2. The statute is not invalid in its present application by reason of a provision for the cancellation of the prices established for a market, if cancellation is requested by a majority of the producers and distributors in the area affected.[1]
The argument is made that the effect of that provision is to vest in unofficial agencies, capriciously selected, a power of repeal to be exercised at pleasure. The case *614 of Eubank v. Richmond, 226 U.S. 137, is cited for the proposition that this cannot be done consistently with the Fourteenth Amendment of the Federal Constitution. Delegation to official agencies is one thing, there being nothing in the concept of due process to require that a particular agency shall have a monopoly of power; delegation to private interests or unofficial groups with arbitrary capacity to make their will prevail as law may be something very different. Cf., however, Cusack Co. v. Chicago, 242 U.S. 526, 531. Such is the appellants' argument when its implications are developed.
Without acceptance or rejection of the distinction in its application to this statute, we think it is enough to say that the power of cancellation has not been exercised or even threatened. The controversy in that regard is abstract and conjectural. Abrams v. Van Schaick, 293 U.S. 188. Moreover, if a provision so subordinate were at any time to fail, the saving clause in § 16 would cause the residue to stand.
3. The statute does not lay a burden on interstate commerce.
Argument to the contrary is built upon the definition of the word "distributor" contained in § 1. We learn from that section that distributors include "persons wherever located or operating, whether within or without the Commonwealth of Virginia, who purchase, market, or handle milk for resale as fluid milk in the Commonwealth of Virginia." This definition, we are told, takes in the plaintiff Highland, who buys milk and sells it in interstate commerce, and does so with the expectation that upon arrival in Virginia the milk will be resold. But Highland is not subject to the provisions of the act, and so the Milk Commission has ruled.
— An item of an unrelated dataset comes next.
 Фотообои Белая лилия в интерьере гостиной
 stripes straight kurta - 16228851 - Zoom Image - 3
No matter what the definition of a distributor may be, sales are not affected by any restriction as to price unless made *615 within the boundaries of a designated market area. The sections quoted in the margin point fairly to that conclusion.[2] Highland in Washington may sell to High in Virginia, and High may buy from Highland, at any price they please. Not till the milk is resold in Virginia within a market area will the price minimum apply, and then only to the price to be charged on the resale. Cf. Wiloil Corp. v. Pennsylvania, 294 U.S. 169, 175; Sonneborn Bros. v. Cureton, 262 U.S. 506; Baldwin v. G.A.F. Seelig, Inc., 294 U.S. 511. If there could be any doubt about this as a matter of construction, the doubt would be dispelled by the administrative practice and by the warning of the statute, expressed in § 14, that operations in interstate commerce shall not be deemed to be affected. So *616 also as to the requirement of a license expressed in § 4.[3] High needs a license to the extent that he sells at retail to consumers in Virginia. Highland does not need one, and the Commission is not asking it to apply for one, because its business as now conducted with persons in Virginia is interstate exclusively. Clumsy draftsmanship may have spread a fog about the section when viewed in isolation or taken from its setting. The fog scatters when we recall the provisions of § 14 and the administrative practice. Appellants' fears are visionary.
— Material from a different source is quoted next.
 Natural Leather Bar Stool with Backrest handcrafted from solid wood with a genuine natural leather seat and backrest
4. The statute is not invalid for failing to prescribe the standards to be applied by the Commission in granting licenses or refusing them.
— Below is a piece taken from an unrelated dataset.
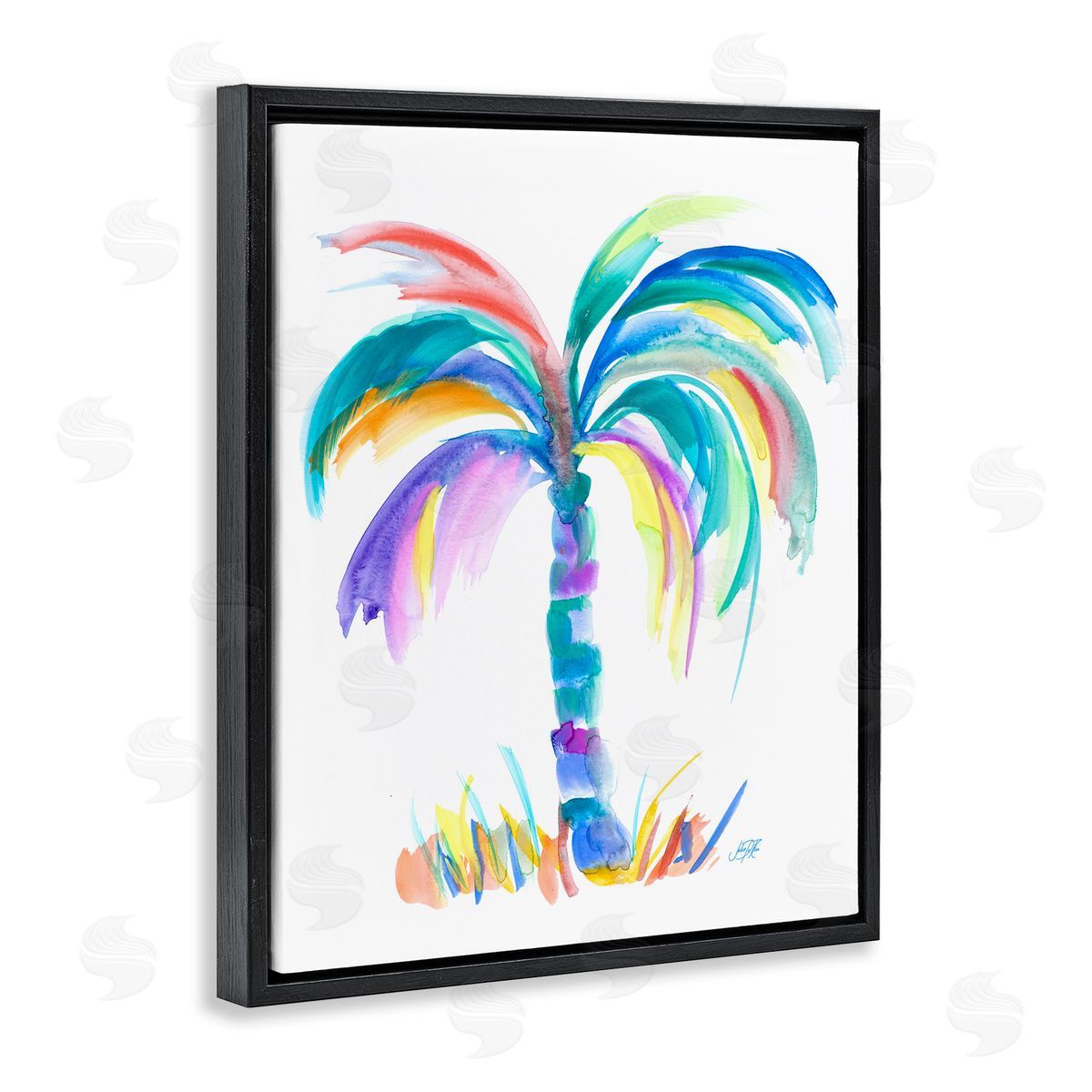 Brushed Palm Tree Black Floating Frame Canvas Wall Art, Home Decor by Julie DeRice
The obvious purpose of the license is to provide the Commission and the members of the local boards with a record of the distributors and producers subject to the act. Supervision and enforcement are thus likely to be easier. No inference is permissible that any one was intended to be excluded because of favor or caprice. Lieberman v. Van De Carr, 199 U.S. 552. Indeed the statute makes provision (§ 6) that an order refusing to issue a license, or suspending or revoking one, may be reviewed on appeal to the Supreme Court of Appeals. There is sedulous protection against oppression or abuse of power. One who is required to take out a license will not be heard to complain, in advance of application, that there is danger of *617 refusal. Lehon v. Atlanta, 242 U.S. 53, 56; Smith v. Cahoon, 283 U.S. 553, 562. He should apply and see what happens.
Other arguments against the act are implicit in the arguments already summarized and answered. Expansion of the answer will serve no useful purpose.
The decree is
Affirmed.
MR. JUSTICE VAN DEVANTER, MR. JUSTICE McREYNOLDS, MR. JUSTICE SUTHERLAND and MR. JUSTICE BUTLER do not assent to so much of the opinion as attributes to the State a power to fix minimum and maximum prices to be charged in the sale of milk, their views on this question being reflected by what was said on their behalf by MR. JUSTICE McREYNOLDS in Nebbia v. New York, 291 U.S. 502, 539-559. In other respects they concur in the opinion.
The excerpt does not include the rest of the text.